Ingredients
Equipment
Method
- In a large bowl, gently combine the ground beef, minced yellow onion, minced garlic, breadcrumbs, egg, Worcestershire Sauce, salt, and freshly ground black pepper.
- Use a 1 1/2 tablespoon scoop to portion the meat mixture and roll it into meatballs. Place the meatballs on a baking sheet lined with parchment paper. Chill the meatballs in the fridge for 30 minutes.
- Heat 2 tablespoons of olive oil in a skillet over medium to medium-high heat. Brown the meatballs in batches, ensuring not to overcrowd the pan. Add more oil if necessary.
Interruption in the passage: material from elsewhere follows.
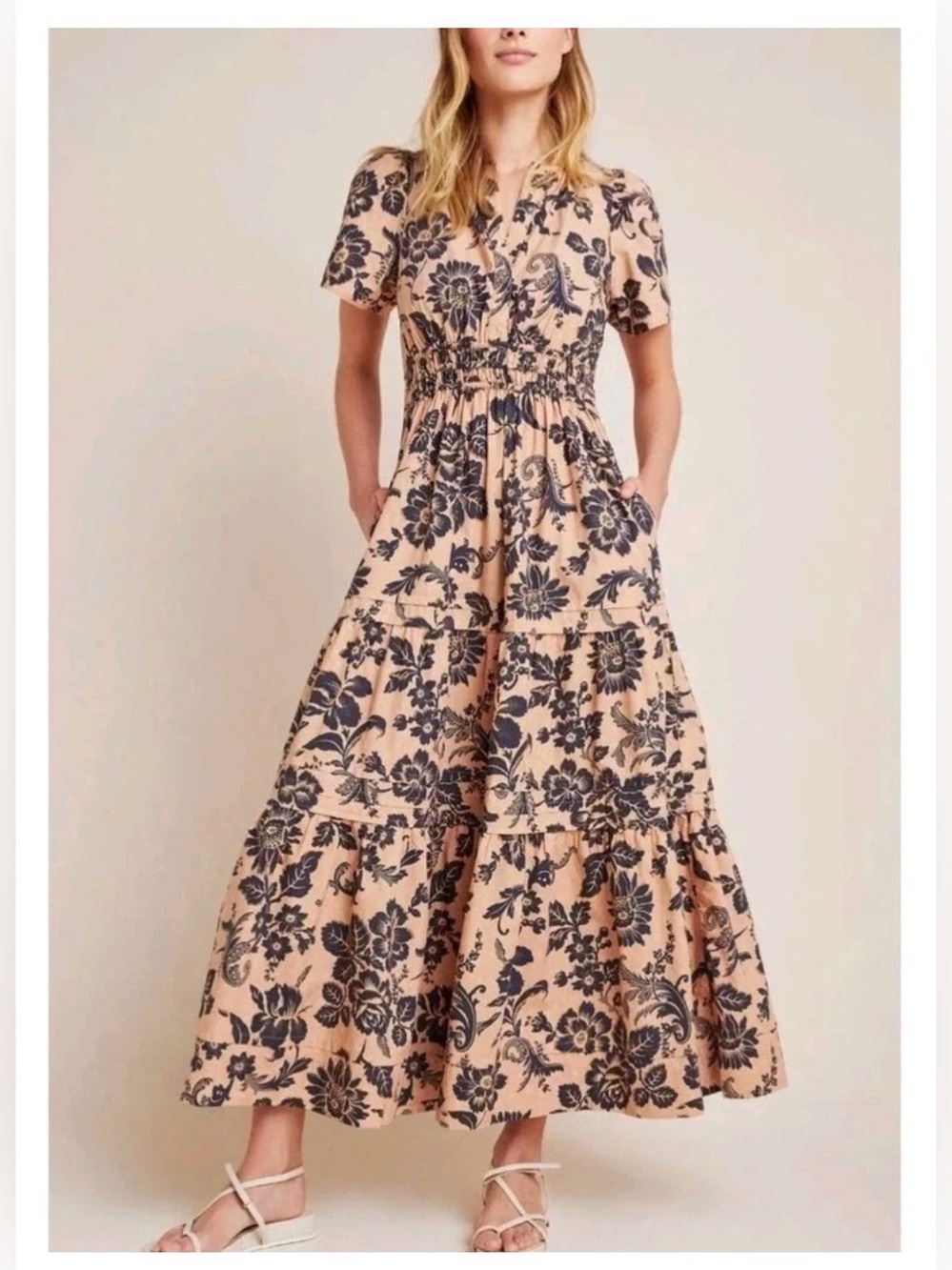 Anthropologie Somerset Floral Tiered Maxi Dress in Blush with Navy Print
Once browned, transfer the meatballs to a plate and cover to keep warm.
- In the same skillet, melt the butter over medium to medium-low heat. Add the sliced onions and cook until they are soft and lightly browned, about 7-10 minutes. Sprinkle the onions with garlic powder and flour, then cook for an additional 2 minutes while stirring constantly.
- Slowly pour in the beef broth while stirring continuously. Simmer the mixture until thickened, then season with salt and freshly ground black pepper to taste.
- Return the browned meatballs to the skillet and simmer for 8-10 minutes. Sprinkle with chopped fresh thyme before serving.
Notes
This dish is best served hot over mashed potatoes, rice, or noodles. It's a classic comfort food that's sure to please the whole family.